Exercise details:
Take the material below and extract the lines from the one with "Gras sur Robert Wiggers" through the one with "おいしそうな串焼きなのに「全", word for word, without pictures.

Listed records:
++++

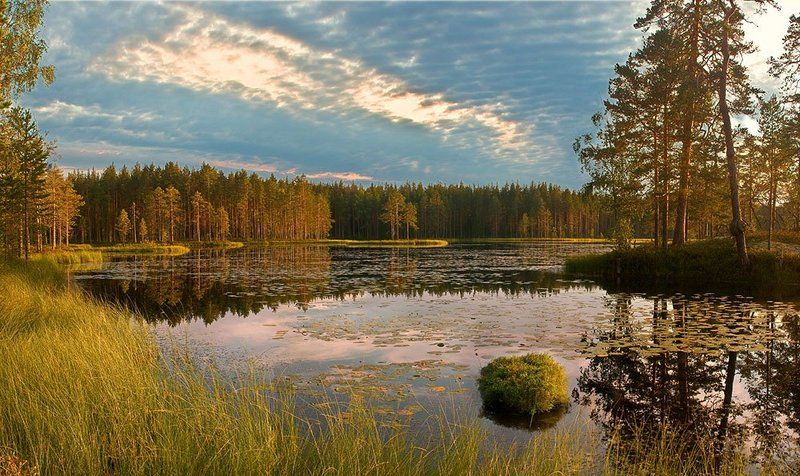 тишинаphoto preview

++++

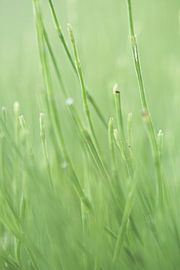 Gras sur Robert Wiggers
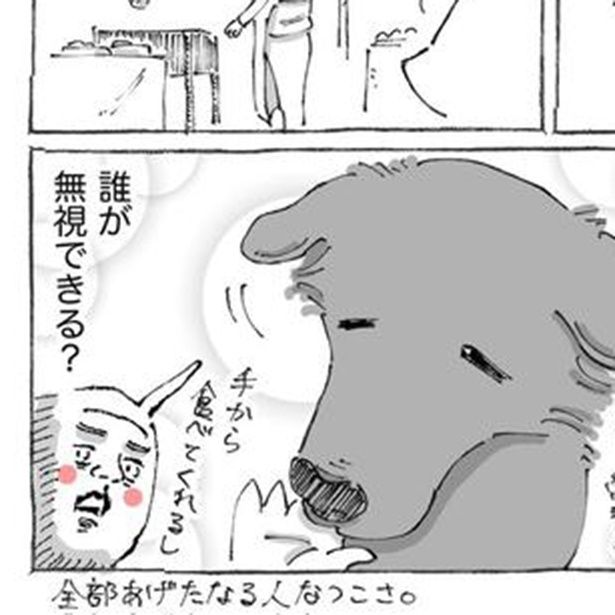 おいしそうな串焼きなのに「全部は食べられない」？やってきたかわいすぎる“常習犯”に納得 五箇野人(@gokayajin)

++++

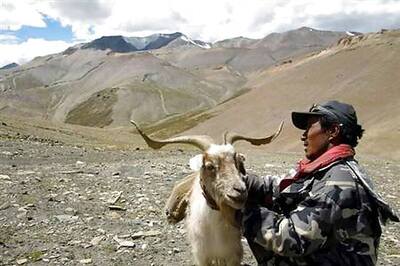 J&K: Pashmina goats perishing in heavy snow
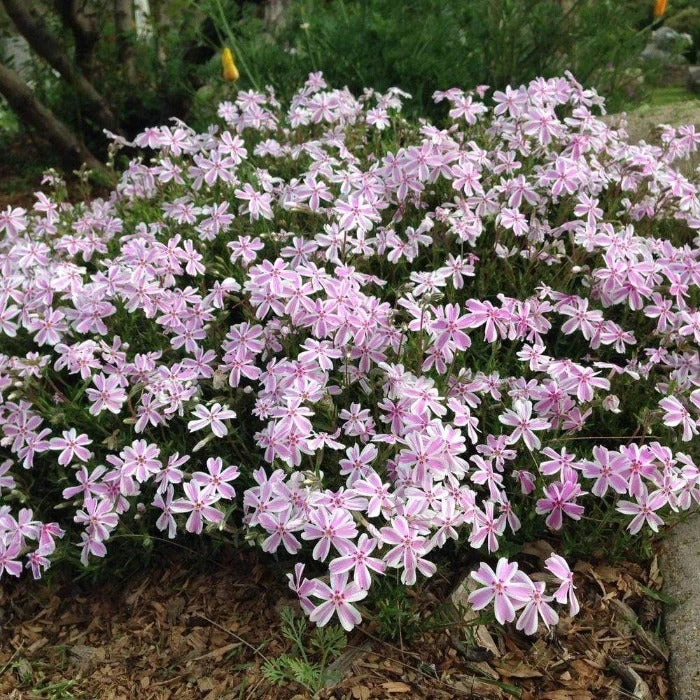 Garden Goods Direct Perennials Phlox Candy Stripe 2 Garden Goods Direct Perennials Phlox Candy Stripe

++++

Answer to the exercise:
 Gras sur Robert Wiggers
 おいしそうな串焼きなのに「全部は食べられない」？やってきたかわいすぎる“常習犯”に納得 五箇野人(@gokayajin)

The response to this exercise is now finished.